Connect

Your company's average hold times may be pretty short.

But what about those instances when you keep callers on hold longer?

I called a national office supply chain store earlier today, and was put on hold for six minutes.

It wasn't the length of the hold that bothered me. It was how this huge company had clearly not thought about their callers who hold for longer than 30 seconds.

Here's what I heard: "Thank you for your patience. We apologize for the delay. Your call will be answered momentarily." A slow, schmaltzy piano tune played for half a minute. Then, the same message and the same 30 seconds of music repeated. ELEVEN TIMES!

Not only was the repetitious audio irritating, it was a waste of my time, and a wasted opportunity for the company. Their single message delivered no useful information. It didn't provide insight about products or services. There were no helpful tips. No advice on how I could save money with them.
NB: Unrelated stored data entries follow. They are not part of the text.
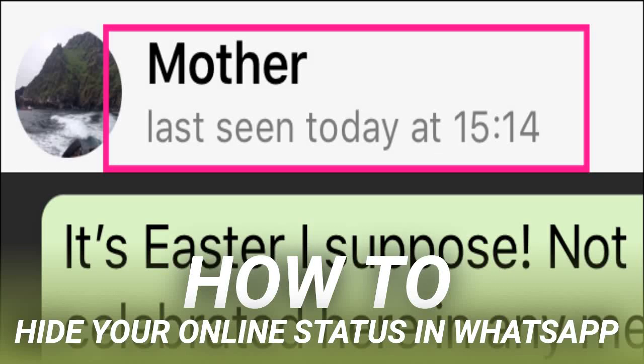How to hide your online status in WhatsApp. By default, WhatsApp shows your friends whether you're online now or when you were last online. If you prefer, you can hide your status.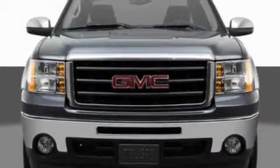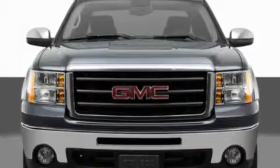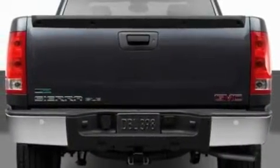Additional features include active fuel management, chrome wheels, a low-tire pressure indicator, dampened tailgate assist, and satellite radio.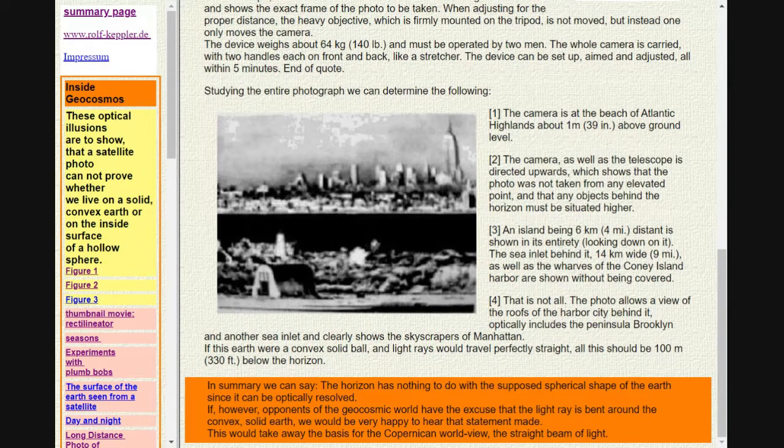The sea inlet behind it, 14 km wide (9 miles), as well as the wharves of the Coney Island harbour are shown without being covered. 4. That is not all. The photo allows a view of the roofs of the harbour city behind it, optically includes the peninsula Brooklyn, and another sea inlet, and clearly shows the skyscrapers of Manhattan.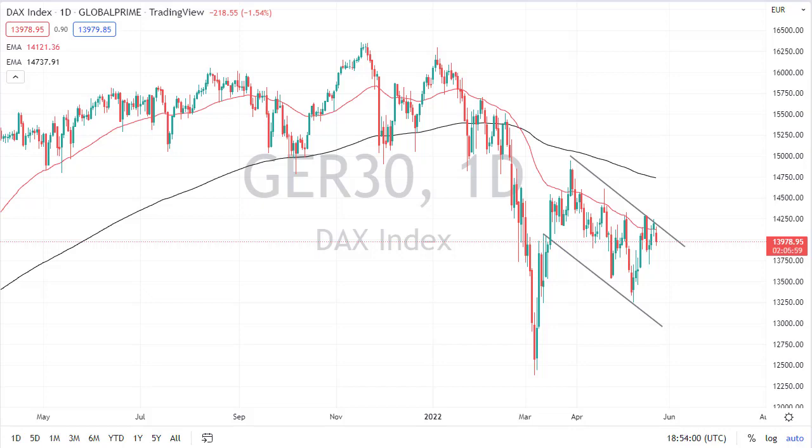From Daily Forex, this is Chris taking a look at the DAX and the FTSE 100. The DAX has fallen a bit during the trading session on Tuesday as we continue to see a lot of noisy behavior right around the 50-day EMA. This downtrending channel is still very much intact, so I don't really see a need to buy this market. I think it's probably only a matter of time before we have an attempt to get down to 13,500.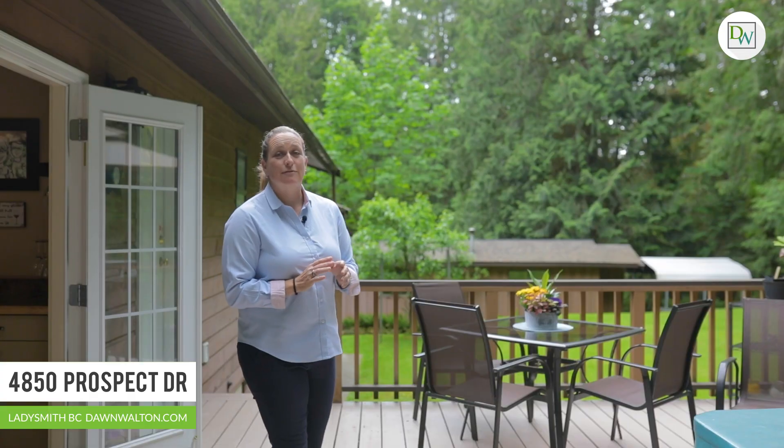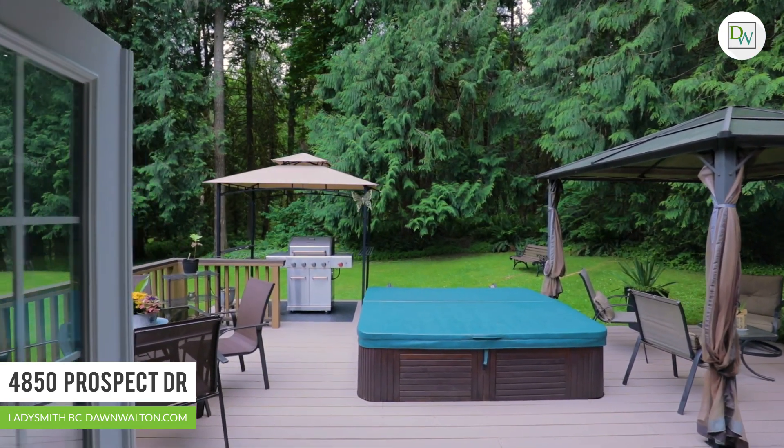The island kitchen leads out to this inviting rear deck, extending your indoor space right out here to the beautiful outdoors.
Nothing about any added value they offer.

And the company threw away a six-minute connection with a customer. Not only did they miss the chance to build stronger ties with me, they forced me into an annoying, negative environment.

No matter how short you think your hold times are (and they're probably longer than you'd like to think), why risk wasting that kind of opportunity? Even if your hold times actually are short, your frequent callers are sure to be alienated by On Hold Marketing that isn't designed with their experience in mind.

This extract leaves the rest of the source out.